MAM : «La République se vit à visage découvert»
.Les députés français entament mardi le débat sur l’interdiction de la burqa. La ministre de la Justice, Michèle Alliot-Marie, défendra le projet de loi.
Plusieurs députés socialistes et communistes avaient déjà dit qu’ils voteraient le texte, et les
déclarations de Jean-Marc Ayrault [président du groupe PS à l’Assemblée, ndlr] sont encourageantes. L’idéal, ce serait le consensus le plus large possible. J’espère que nous y arriverons, même si j’ai cru comprendre qu’il ne fallait pas compter sur certains votes. Que des textes soient clivants, cela ne me dérange pas, c’est la démocratie. Mais quand on touche aux valeurs républicaines, il faut se rassembler.

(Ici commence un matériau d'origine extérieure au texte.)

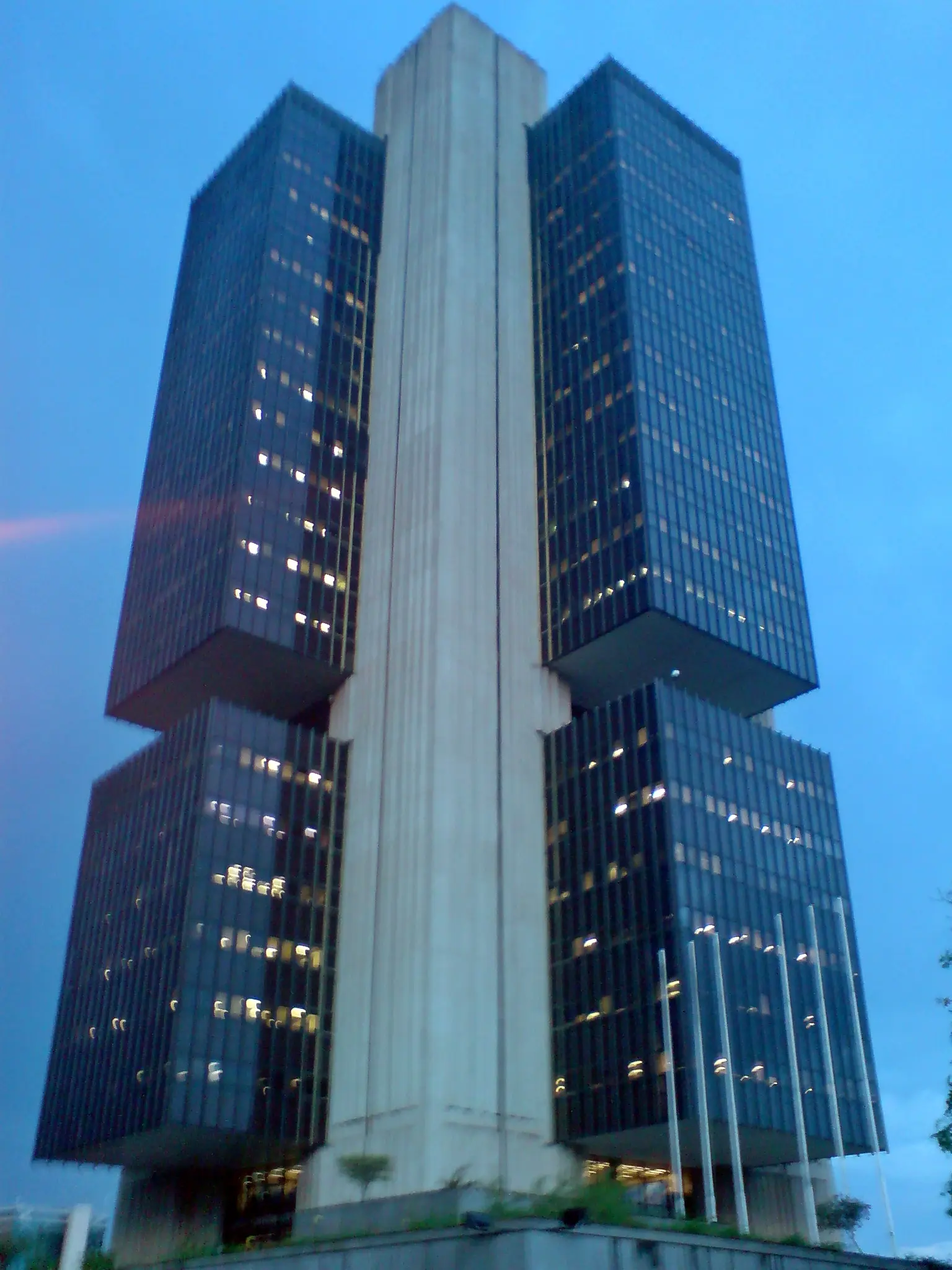 Fachada do Banco Central do Brasil, onde o Copom define a Selic em 2027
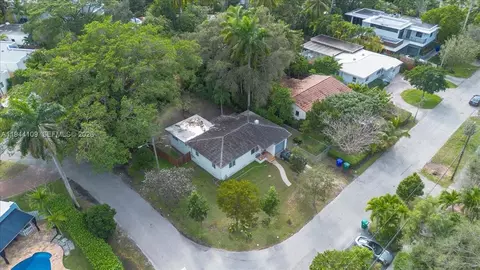2500 Overbrook St, Miami, FL 33133 photo 6
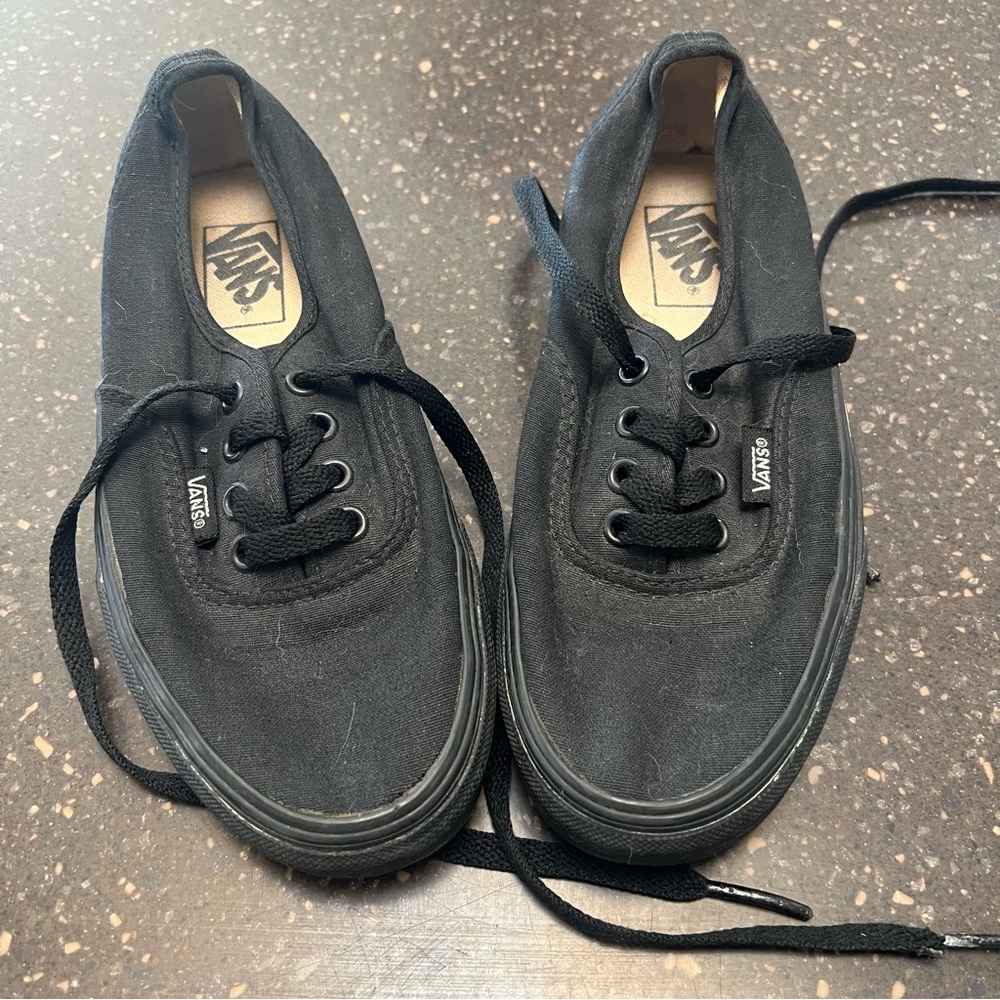 Black lace up vans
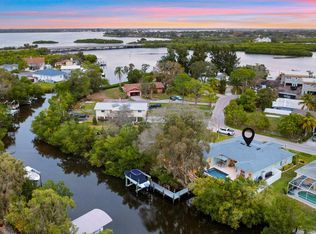 710 Hubbel Rd, Bradenton, FL 34208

Au final, c’est bien l’interdiction pure et simple que le gouvernement propose ?
Nous avons beaucoup discuté, écouté les analyses des uns et des autres. Nous avons abouti à un texte pédagogique et préventif qui prévoit une interdiction dans l’ensemble de l’espace public.
On parle de quelques centaines de femmes. N’utilise-t-on pas, comme l’a dit Gérard Collomb, le marteau-pilon pour écraser une mouche ?
On ne peut pas dire cela. Ce qui est en jeu, ce sont les fondements de la République et du vivre-ensemble. Ce texte, je le porte au nom de l’unité nationale. Il n’est pas question de voile dans le projet de loi, mais de la dissimulation volontaire du visage par tout moyen. C’est très important : il n’est pas question de religion. Nous affirmons un principe qui est que la République se vit à visage découvert. Ça fait partie du pacte républicain. La République refuse le communautarisme, et se cacher le visage, refuser d’appartenir à la société, c’est le fondement du communautarisme.
N’a-t-on pas cédé, à l’UMP, à l’exploitation politicienne de la burqa ?
Parmi les députés qui se sont le plus investis, beaucoup sont issus de circonscriptions où le problème se pose. C’est aussi bien le cas de Jean-François Copé que celui du communiste André Gerin. Ce ne sont pas des calculs politiques, mais une réponse à des réalités de terrain.
Selon l’opposition, le texte ne passera pas la censure du Conseil constitutionnel…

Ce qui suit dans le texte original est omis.